Dark Places(31)
All along the hallway were rows of yellow bins where the students were allowed to keep personal items, each kid’s name written on masking tape on their bin. He looked in Libby’s and found a peppermint candy, partially sucked, and a paper clip. Debby’s had a brown lunchsack that stank of baloney; Michelle’s a pack of dried-up markers. He looked in a few others just for kicks, and realized how much more stuff they had. Sixty-four Crayola crayon box sets, battery-operated toy cars and dolls, thick reams of construction paper, key chains and sticker books and bags of candy. Sad. That’s what you get when you have more kids than you can take care of, he thought. It was what Diondra always said when he mentioned tight times at home: Well, your mom shouldn’t have had so many babies then. Diondra was an only child.

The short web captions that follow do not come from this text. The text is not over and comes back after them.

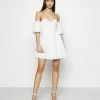 NA-KD EMBROIDERED MINI DRESS - Robe De Soirée - White -NA-KD Soldes Magasin 4eca14a1f81b47f8987ed869fbb33811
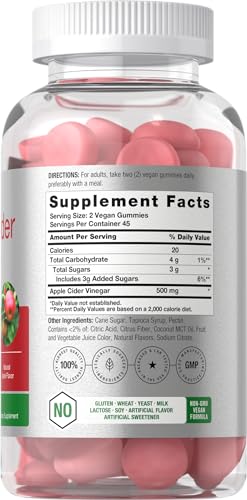 Horbaach Vegan Apple Cider Vinegar Gummies | 90 Count | ACV Supplement | Natural - Maple Wellness Supplements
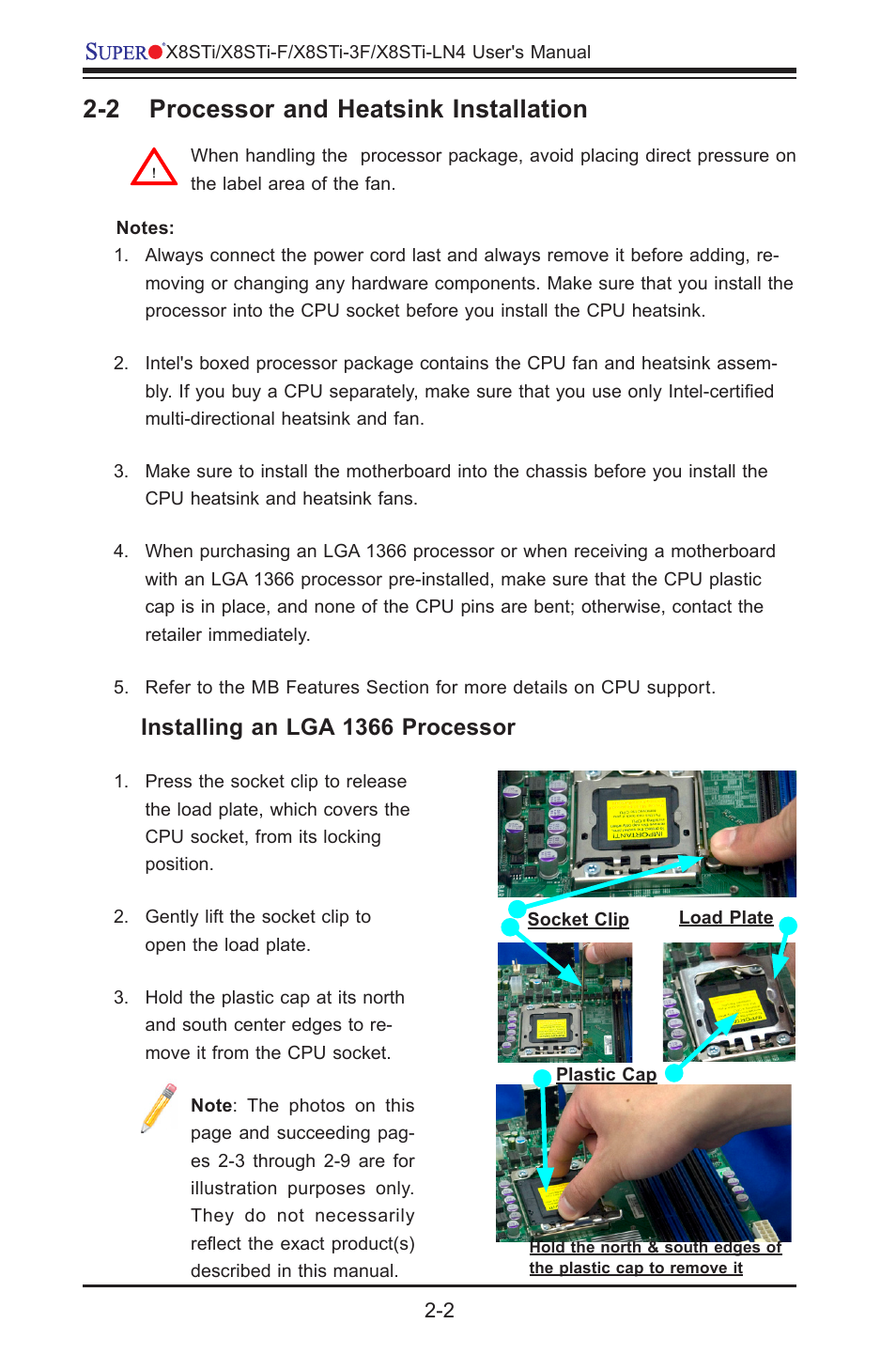 2 processor and heatsink installation, Installing an lga 1366 processor | SUPER MICRO Computer X8STI-3F User Manual | Page 26 / 109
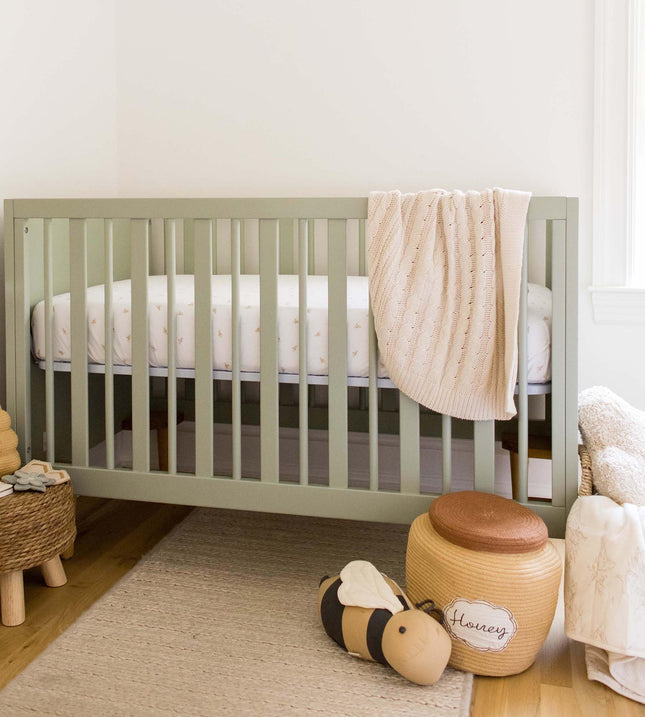 Burts Bees Baby Solid Fitted Crib Sheet Organic Cotton BEESNUG - Fits Unisex Standard Bed and Toddler Mattress, Infant Essentials, 28 x 52 x 5.5 Inch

Ben started back toward the high school side, and caught himself scanning the fifth grade bins. There she was, the little girl Krissi with the crush on him. She’d written her name in bright green letters and drawn a daisy next to it. Cute. The girl was the definition of cute, like something on a cereal commercial—blond hair, blue eyes, and just well taken care of. Unlike his sisters, her jeans always fit and were clean and ironed; her shirts matched the color of her socks or barrettes or whatever. She didn’t have food-breath like Debby or scrapes all over her hands like Libby. Like all of them. Her fingernails were always painted bright pink, you could tell her mom did them for her. He bet her bin was filled with Strawberry Shortcake dolls and other toys that smelled good.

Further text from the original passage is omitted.